And so I think anytime you have this sort of hype cycle, you have to kind of validate, are you solving a real problem for someone?
We certainly do that whenever we interview people for BCV Labs and obviously Diligence Opportunities and Founders.
We spend real time together trying to uncover those use cases.
There are some things that just don't need LLMs, but there are a lot that I think we haven't even discovered yet that could do a lot more with LLMs. Yeah, it's interesting.
I think you made an interesting point with the idea that if we essentially
lower the barrier to entry with using ML models,
we democratize the use of these things,
then suddenly you're opening up the use of them to other domains
that never had access to ML before,
at least not with that really specific use case in mind.
So if I was an ML engineer, I might not be thinking about like, how can I apply this technology to
like, I don't know, geology, or even chemistry or something. But now if I'm a geologist or a chemist
or whatever I'm sort of interested in, I can use these things without having to be super like
technically proficient. Suddenly, I'm going to be able to sort of connect the dots in a new way that no one's ever been able to do before.
Yeah, definitely.
In terms of the tech community,
how do you actually think about growing and nurturing
the community that you're building with BCV Labs?
Because that's a hard challenge in itself.
Many companies have failed to essentially do that effectively.
Our goal is to stay small for as long as possible.
We cull the list every few months where we really think critically about who's coming to the events, who's engaged.
Do we want them to be more engaged or less engaged?

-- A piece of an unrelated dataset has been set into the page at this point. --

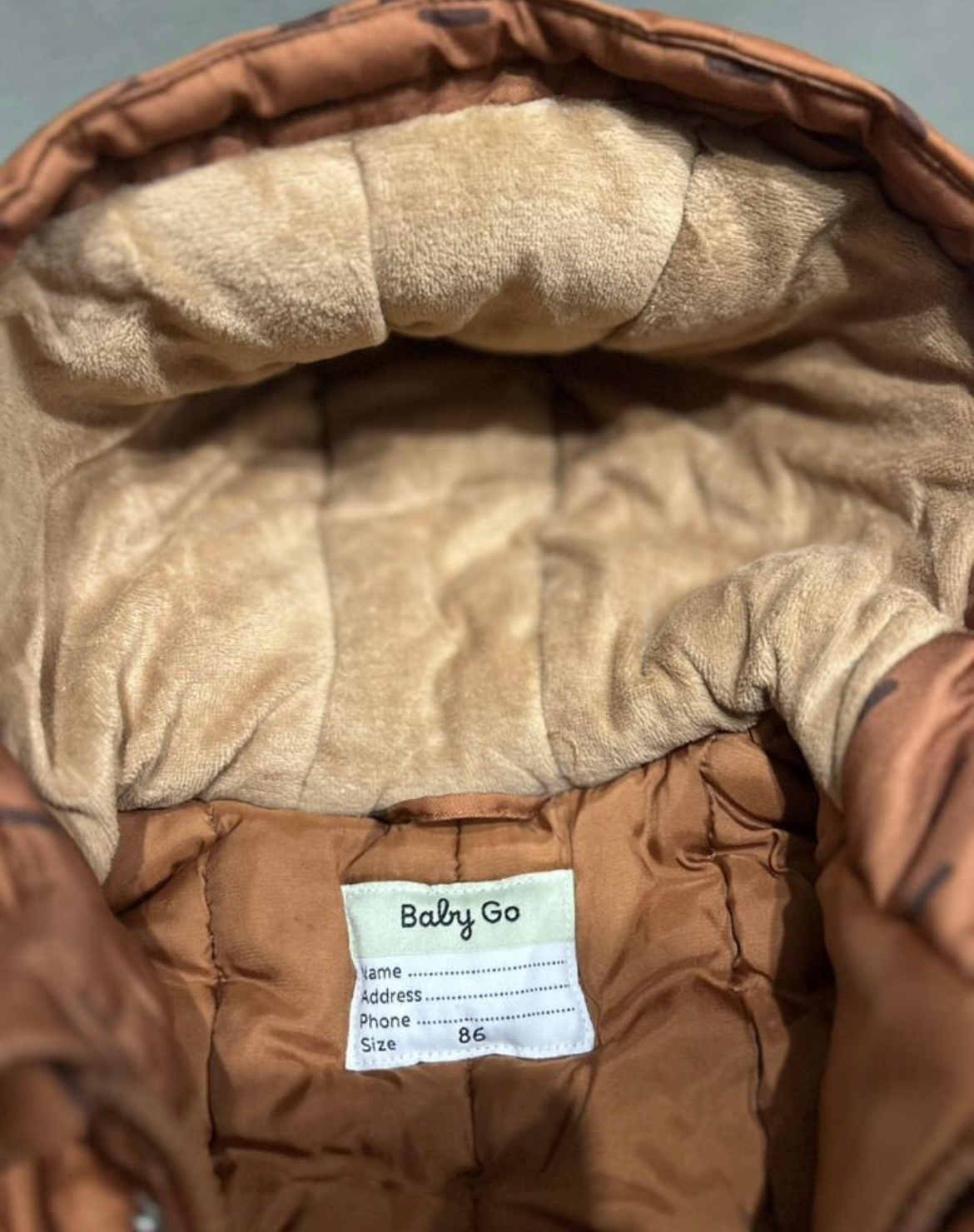 Комбинезон зимний, размер 86 Продам (1)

And we really think about ways that we can encourage people to
meet each other without us. Like that's sort of the goal is that if you're a part of this community,
you come to an event or two, you meet a couple of people that you want to continue the conversation
with, whether or not that involves BCV. And so that's how we are trying to, at least at this
stage of growth, make sure that the quality
bar stays very high. I fundamentally believe if we keep the quality of person that comes to our
event or the quality of company that speaks at our events very, very high, good things will
continue to happen. And so far, it's been going fairly well. We've got a few hundred people that
are very engaged with us. We invite 20 or 30 every couple of weeks to
our offices to hang out with us. We've invested in three or four teams already that have come out of
BCV Labs and come out of these efforts. And so we're just going to continue to keep things small
and then grow from there. In terms of nurturing these companies as they grow, BCV invests from
seed to growth. And we love to support entrepreneurs in every round as they sort of grow and gain breakout scale.

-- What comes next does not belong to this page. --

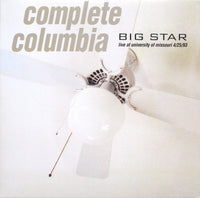 Big Star ‎– Complete Columbia...Live At Missouri University 4/25/93 - 2 x VINYL LP SET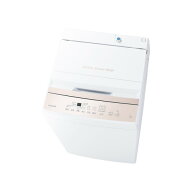 東芝 全自動洗濯機 洗濯：5.0kg 簡易乾燥 幅55.5cm Wシャワー洗浄 スピードコース 部屋干しモード AW-5GA…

There's the really tactical stuff in the early days. other companies that can become customers, become advisors, just become these really sort of, you know, pillars of strength for early stage companies who might not have access to those
people otherwise. And so if we can do that at the early stage, and at the growth stage, we can
help the companies bend the curve and inflect, then we can start to, you know, really make this
a full lifecycle kind of thing. But that's how we think about it. Yeah, I mean, I think when it comes to communities
or really any sort of go-to-market effort, it's much better to have
100 people that are super engaged and in love with whatever it is
than have 10,000 that are sort of just there
apathetically lawyering and not really involved or engaged.
Because 100 great people are going to lead apathetically lawyering and not really involved or engaged because, you know, a hundred great
people are going to lead to, you know, the next hundred great people if they're highly engaged.
And from your perspective, probably lead to better, you know, investment opportunity,
better companies and stuff. When it comes to like early stage investment, like trying to make a
decision around, should I, does it make sense to put money into this or not?
What is sort of the framework or thought process that you go through to figure out,
does this make sense? How do you sort of evaluate companies or opportunities at such an early stage?
Because you just don't have a lot of data to go on. Totally. I think the most important part of
that equation is the founder and the founding team.
So do we believe that this person is coming from a set of experiences where they've gained very deep domain expertise?
Are they working with anyone else, whether that's a co-founder or it's a set of founding engineers or something else? Do they have people around them that proves that they can recruit a team, they can hire a team, they can convince other people to come work with them and for them. And then I think once you have conviction on the founder,
you know, we spend a lot of time in person together building with them. Literally,
I go to BC labs, you know, every day. And so we're trying to sort of observe,
you know, how do they handle customer conversations? How do they handle the
different people that we introduce them to? All of that is first and foremost, trying to be helpful to them, but also evaluatory
in a sense.
From there, you go into the market.
And so I think at the early stage, what we really care about is, is it an existing market
that historically has never been penetrated by software or under penetrated that AI and
various models can now make a very big impact in?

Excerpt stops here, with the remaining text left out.